This is the man who started the continent's most important bird census, the Breeding Bird Survey, back in the '60s. Without the BBS, we would not have the data to show that bird populations and distribution are changing. Writers and bird people like me rely on the BBS to bring the story to the public.
Robbins was also the bird conservationist who saw to it that Rachel Carson's work would not go in vain. In 1972, an effort led by Chandler Robbins succeeded in getting DDT banned in the United States.
He also wrote one of the most important field guides of the modern era, The Golden Guide's Birds of North America. Covering the entire continent in a small book easily kept in the pocket, this guide has been a favourite of birders for fifty years and has never gone out of print.
image of Chan Robbins courtesy of USGS
But back to the albatrosss. What is the connection between the sixty year old albatross and Chan Robbins?
Stuart knew it the moment he saw the article in the New York Times.
In the email to Chan, Stuart says
An Albatross sixty years old has a high chance of having been banded by that indefatigable and almost indestructible Chandler S.Robbins.
He was right of course. The world's most venerable bird was banded by the world's most venerable living bird bander and conservationist. Chan Robbins banded that albatross as a nestling in 1951. The bird is now 60 and still producing young. Chan is 92 years old and still working on behalf of birds.

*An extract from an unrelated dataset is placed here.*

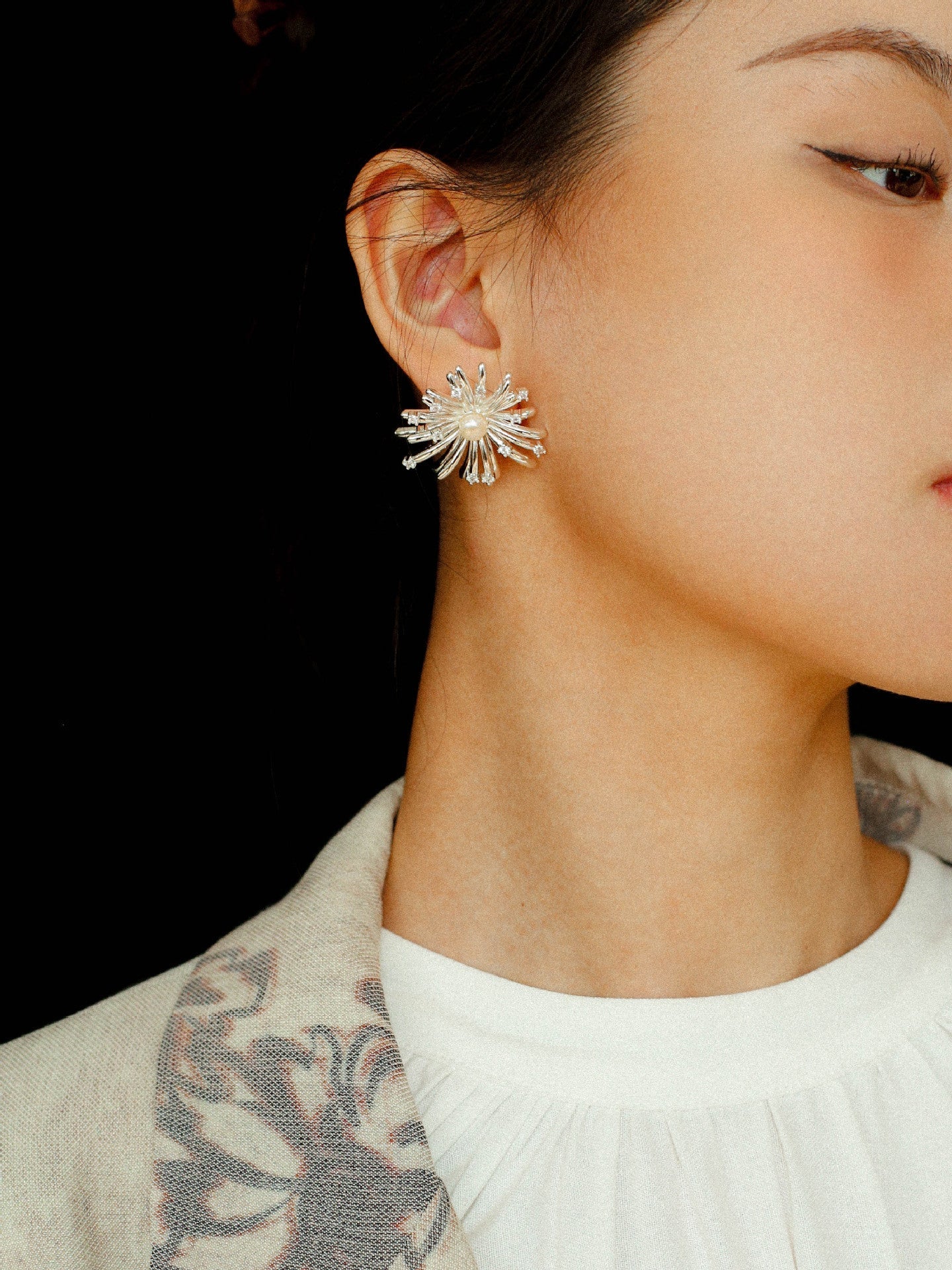 Celestial Fireworks Pearl Earrings - floysun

The albatross, named Wisdom by USGS staff years ago, is nesting on Midway Atoll in the Pacific between Hawaii and Japan. As we all know, the earthquake last week send tsunami waves washing onto islands all over that region of the pacific. Midway Atoll is a very low island and the nests of the albatrosses who depend on it would be most vulnerable to high waves. On March 11, shortly after the quake, a five foot high wave hit the island destroying thousands of nests.
Today, I received this astounding message in my email from none other than the grand old man himself:
Late word from Midway is that "Wisdom" and her chick survived the tsunami, although thousands of other chicks were washed away.
Chan
Chandler S. Robbins
USGS Patuxent Wildlife Research Center
Sure, I was just one of the people in the cc field of the email when he responded to Stuart, but it was a thrill to see the name "Chandler S. Robbins" sitting in my in-basket this morning.
The sixty-year old albatross and her chick live through a tsunami, and the news comes from the ancient one who knew her when she was herself a nestling. Meanwhile the world waits to hear what will happen to the people of Japan, with another earthquake expected and several nuclear reactors out of control.
It all feels like a strange resolution to Coleridge's great Rime:
Farewell, farewell! but this I tell
To thee, thou Wedding-Guest!
He prayeth well, who loveth well
Both man and bird and beast.
He prayeth best, who loveth best
All things both great and small;
For the dear God who loveth us,
He made and loveth all."
The Mariner, whose eye is bright,
Whose beard with age is hoar,
Is gone; and now the Wedding-Guest
Turned from the bridegroom's door.
He went like one that hath been stunned,
And is of sense forlorn:
A sadder and a wiser man
He rose the morrow morn.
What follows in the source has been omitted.